A petition calling on MEPs “to stand for a free and open Internet and reject” the ratification of the Anti-Counterfeiting Trade Agreement (ACTA) was received by the European Parliament.

28 February 2012, 12:00am
2.5 million people have signed a petition calling on MEPs to turn down ACTA.
A petition calling on MEPs to reject the Anti-Counterfeiting Trade Agreement (ACTA) was received by the European Parliament, signed by almost 2.5 million people from all over the world.

"Receiving a petition supported by more than 2 million people places an even bigger responsibility on us to listen to the European people and offer them a place to express their views to the European institutions," said Petitions Committee chair Eminia Mazzoni (EPP, IT), after the petition was presented.

The European Parliament has only just begun to consider the proposed ACTA deal. It will need to examine it carefully, taking all concerns into account, making a reasoned assessment of the facts and weighing Internet freedom on the one hand and the fight against counterfeiting on the other. The Petitions Committee will decide in the coming weeks how the petition is to be followed up.

The petition was presented by Alex Wilks, Pascal Vollenweider and Anne Agius, on behalf of Avaaz, an organisation which uses the Internet to campaign on various issues. It calls on the European Parliament "to stand for a free and open Internet and reject the ratification of the Anti-Counterfeiting Trade Agreement (ACTA), which would destroy it".

The Petitions Committee will decide on the petition's admissibility at its next meeting, on 19-20 March. If the petition is declared admissible (i.e. if it falls within the EU's sphere of competence), the committee will then hold an open discussion with the petitioners, experts, the European Commission and other stakeholders. This would contribute to the public debate officially launched in the European Parliament this week (see below for list of ACTA events in the coming days).

Mazzoni has also received letters from EU citizens and organisations in favour of ACTA in the past few weeks For example, a letter from the International Confederation of Societies of Authors and Composers says that "ACTA is good for Europe. Without changing EU law, it establishes common procedures for dealing with intellectual property rights infringements across countries accounting for 50% of world trade."

ACTA will be discussed in public in the International Trade Committee for the first time on Wednesday, 29 February.
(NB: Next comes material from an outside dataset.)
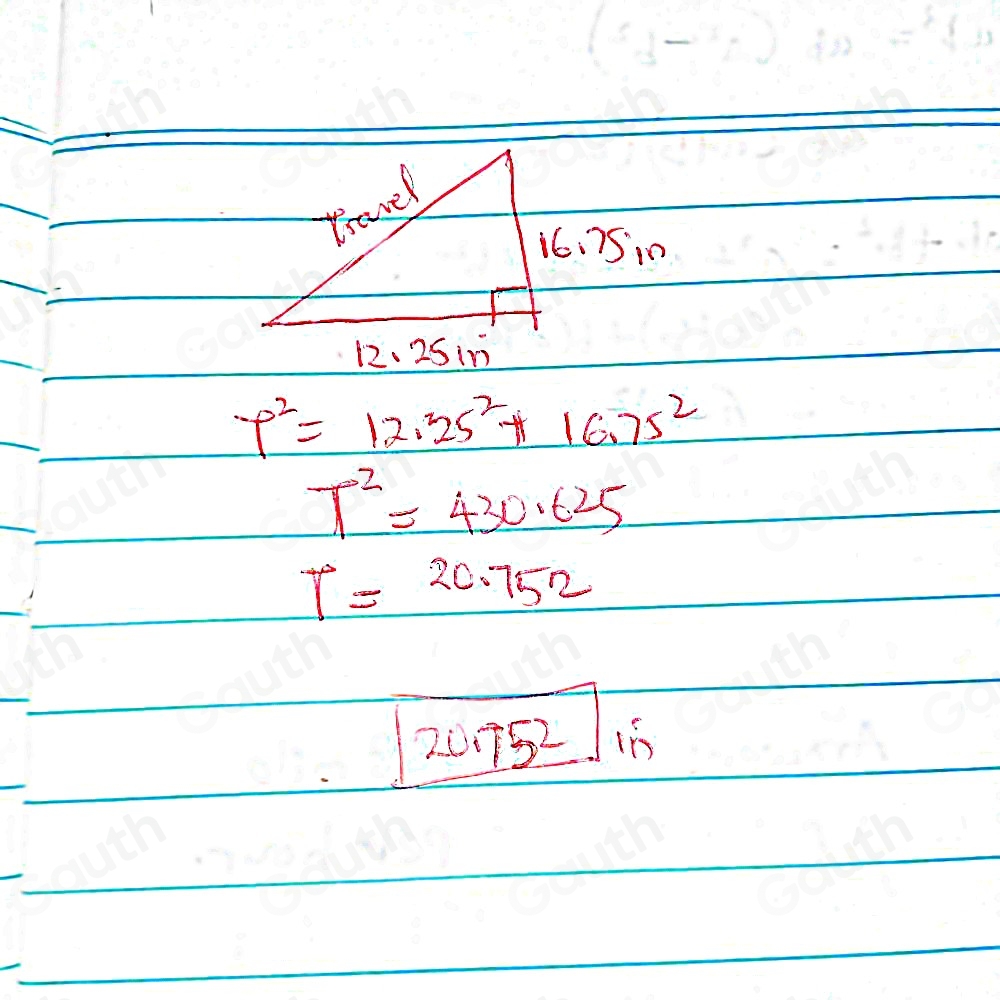 Solved: Plumbers use the Pythagorean theorem to calculate pipe length ...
It is this committee which will make a formal recommendation to the full house on whether or not to approve ACTA. Parliament cannot amend the agreement, but only approve it or reject it. If it does not give its consent, then the agreement falls as far as the EU is concerned.

On 1 March, there will be a public workshop in which MEPs, academic experts, civil society organisations and EU officials will discuss ACTA's possible merits and disadvantages.